Haqqani unveiled his book at an event organised by the Center for International Security Studies at the prestigious Princeton University.
“The gap between how Pakistanis want Pakistan to be viewed and how the rest of the world views the country is widening and Pakistan’s intelligentsia must seriously consider why the country is deemed dangerous or on the brink of failure by others,” the former Pakistani ambassador to the United States said.
Haqqani, who is currently the Director of South and Central Asia at the Washington-based think tank Hudson Institute, said it was not enough to reject others’ perceptions as unfounded and biased.
He noted that Pakistan had the world’s sixth largest population and army but lagged behind in most international rankings that measured a nation’s success, including education, economic productivity, and opportunities for citizens.
He predicted that unless Pakistan drastically altered its course, the country would come under a greater pressure from the rest of the world while also having to deal with internal pressures from a growing population divided by sectarianism and ethnicity, and without economic prospects for most people.
“It is true that Pakistan’s direction can best be changed by Pakistanis,” he told the audience, including a large number of Pakistani students and guests, at the Ivy League University while introducing his new book ‘Reimagining Pakistan – Transforming a dysfunctional nuclear state’.

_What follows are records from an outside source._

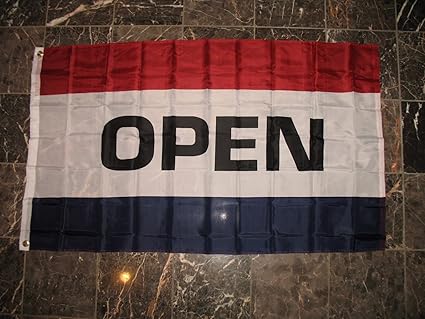 Amazon Com Lot Of 2 3x5 Advertising Open Sign Store Marketing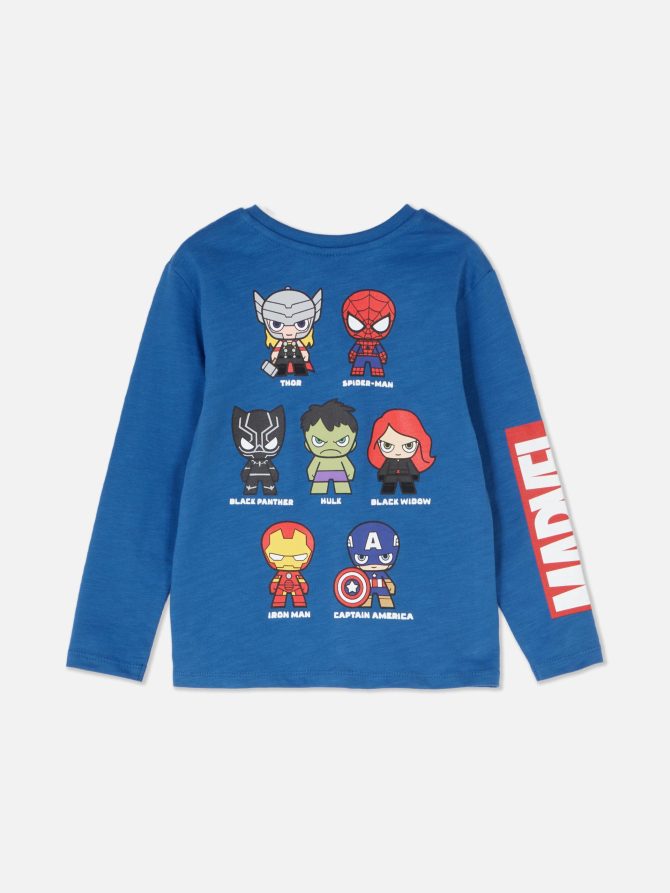Marvel Avengers Chibi Character T-Shirt - Image 4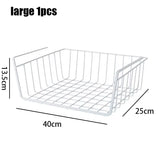 Multifunctional Iron bottom hanging Storage basket
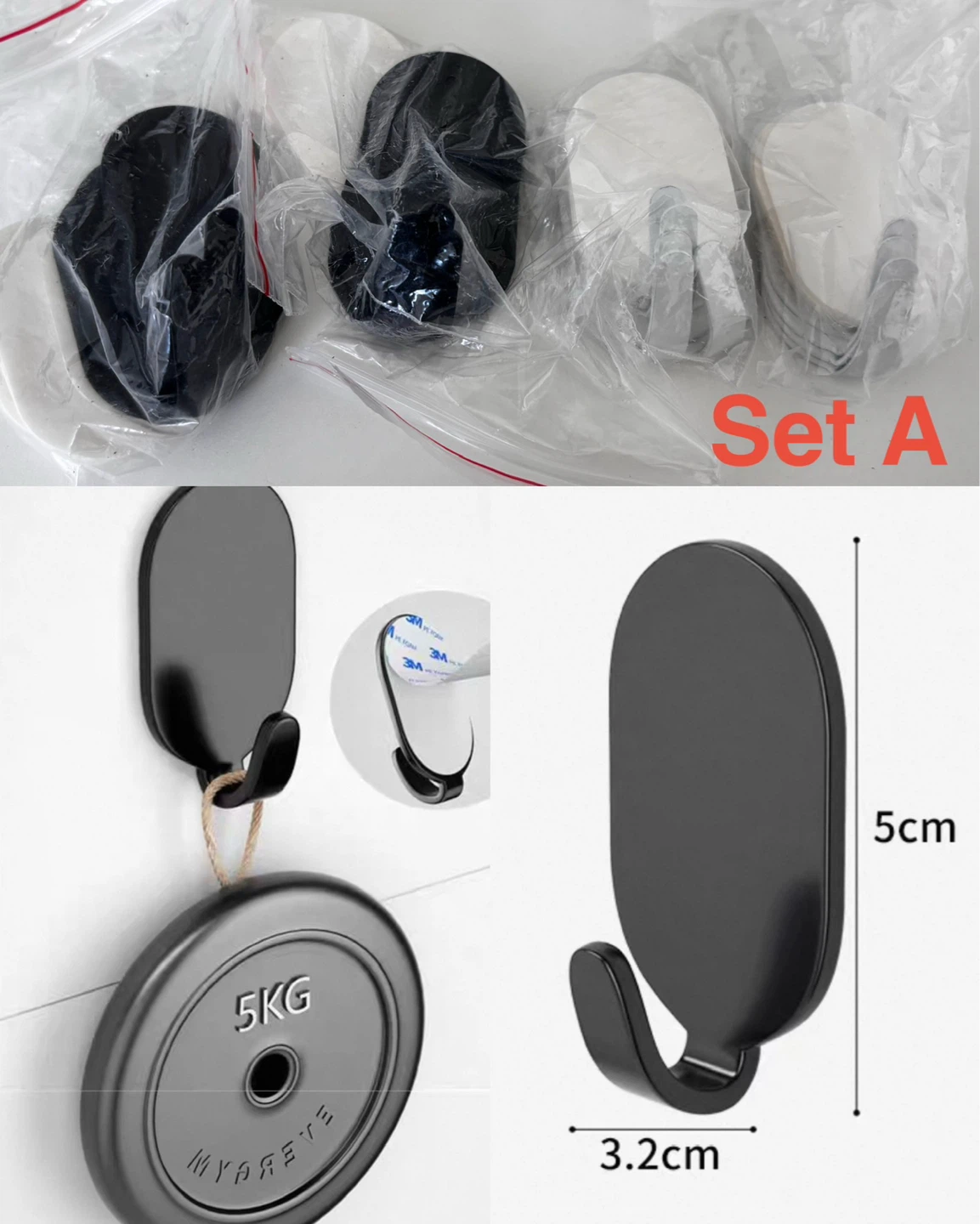 Brand New Multi-Style Hanging Hooks Set (Adhesive & Suction) - photo 2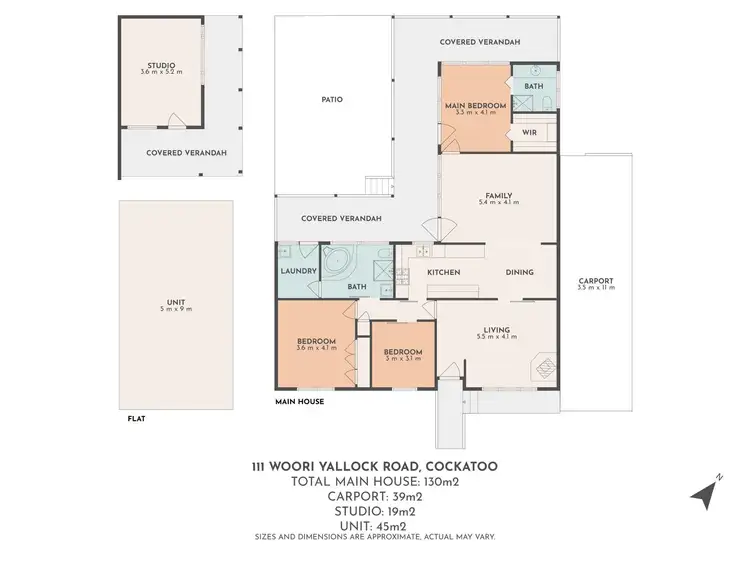 Floorplan of Homely house listing, 111 Woori Yallock Road, Cockatoo VIC 3781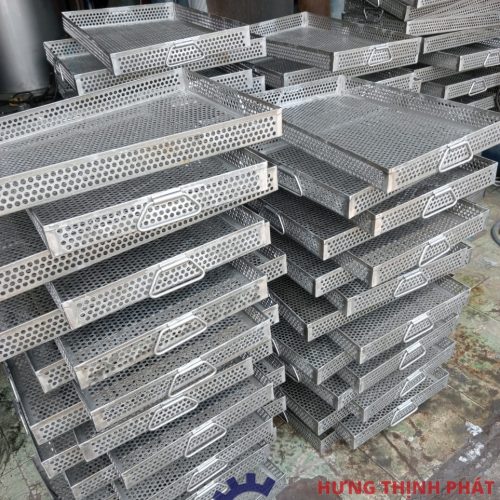 Rổ lưới inox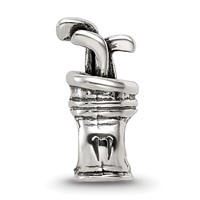 Sterling Silver Reflections Golf Bag Bead view 3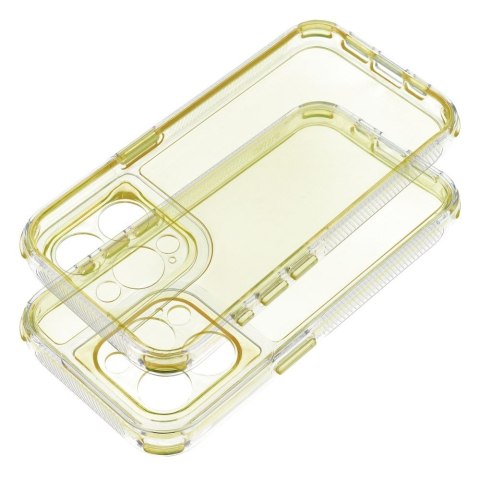 Futerał do iPhone 16e (SE 4 2025) / 17e Matrix Clear żółty
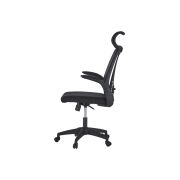 Scaun de birou ergonomic ab518, mesh, suport lombar, inaltime ajustabila, 90 kg, negru drm10370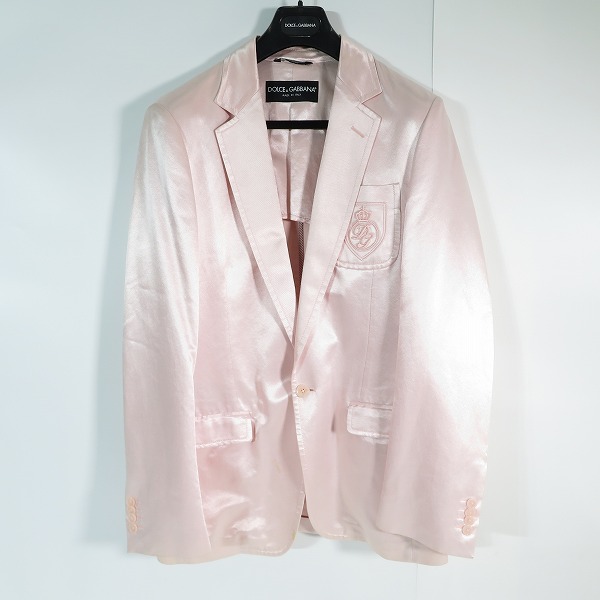 実際に弊社で買取させて頂いたDOLCE&GABBANA/ドルチェ&ガッバーナ/ドルガバ 2B テーラードジャケット ピンク/46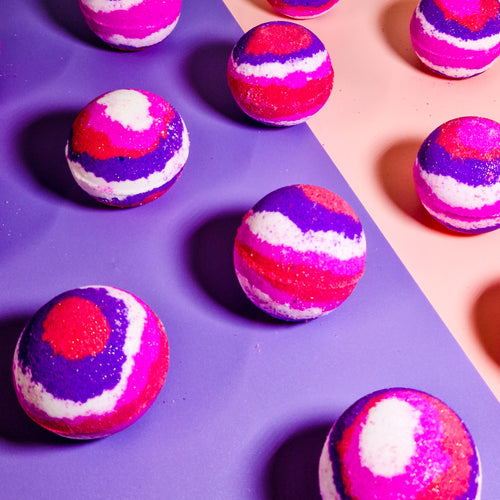 Raspberry Creme Bath Bomb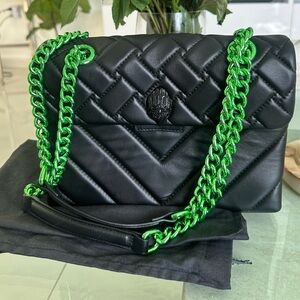 KURT GEIGER LONDON - LEATHER KENSINGTON BAG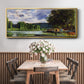 The Banks of the Seine near Jeufosse (Eure), 1880 - Floater Framed Canvas Print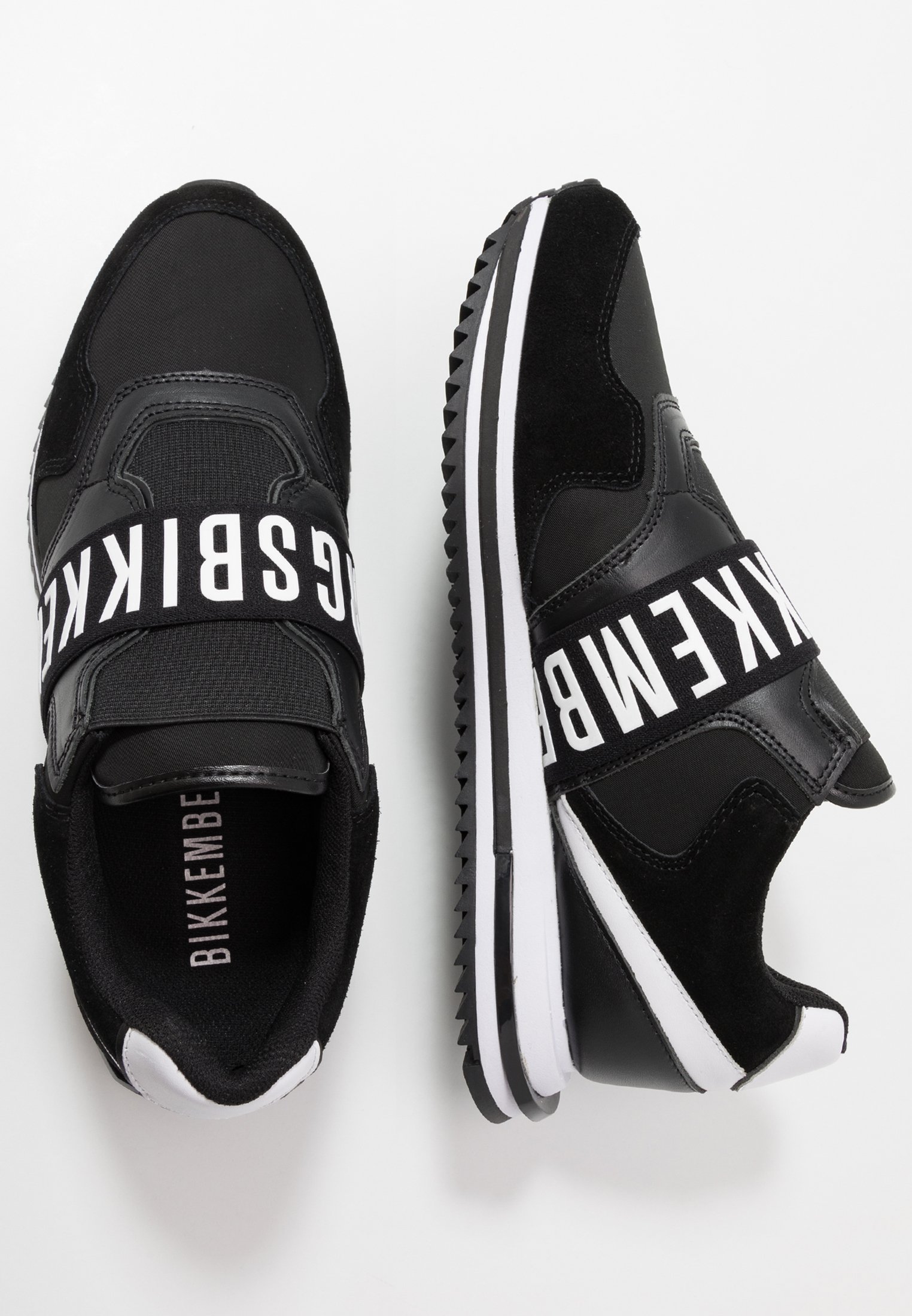 Bikkembergs HALED Slippers blackwhitesvart Zalando.no Bikkembergs GREGG Joggesko blackwhite Zalando.no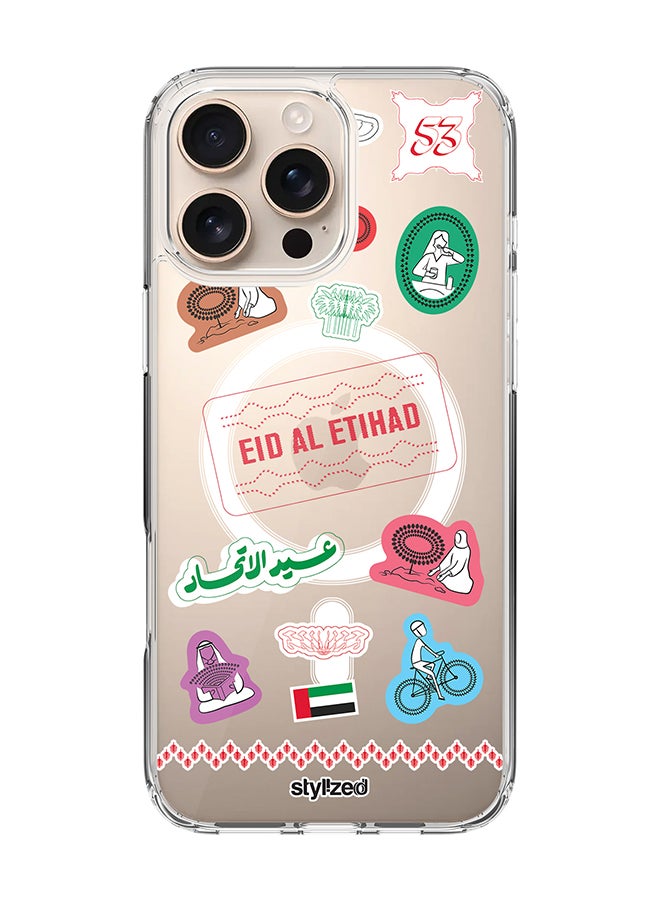 Stylizedd غطاء آيفون 16 برو ماكس [لماجسيف] غطاء مغناطيسي رقيق شفاف [غطاء مصمم لآيفون 16 برو ماكس] - شفاف - Image 1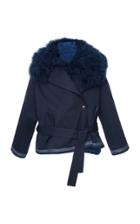 Agnona Cashmere Double Layer Pea Coat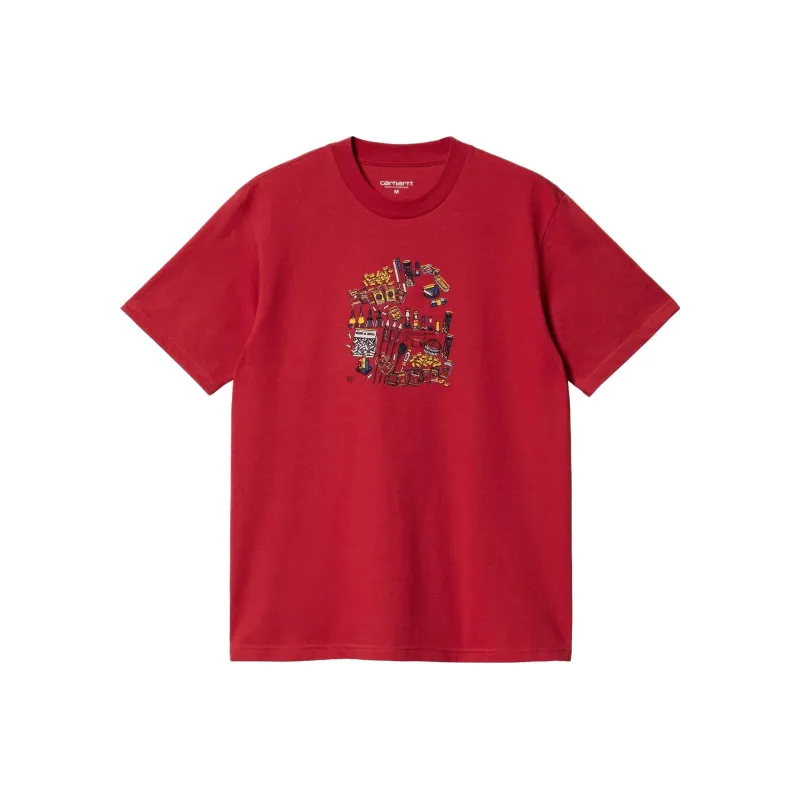 Carhartt WIP T Shirts Men Red-0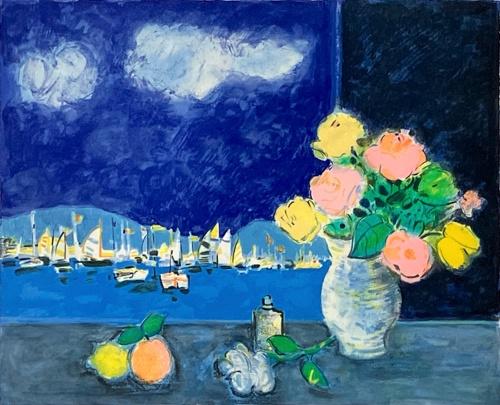 ジル・ゴリチの花の柄のリトグラフ ジル・ゴリチの花の柄のリトグラフ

“But genuine debate inside Pakistan remains impossible as long as the nation is mired in a national narrative of hyper-nationalism, grievance and conspiracy theories,” he warned.
Haqqani said that Pakistan had developed a national ideology to survive after being carved out of British India but now, seventy years later when more than 94 percent of Pakistan’s population has known no other citizenship except Pakistan’s, that ideology has become a huge burden.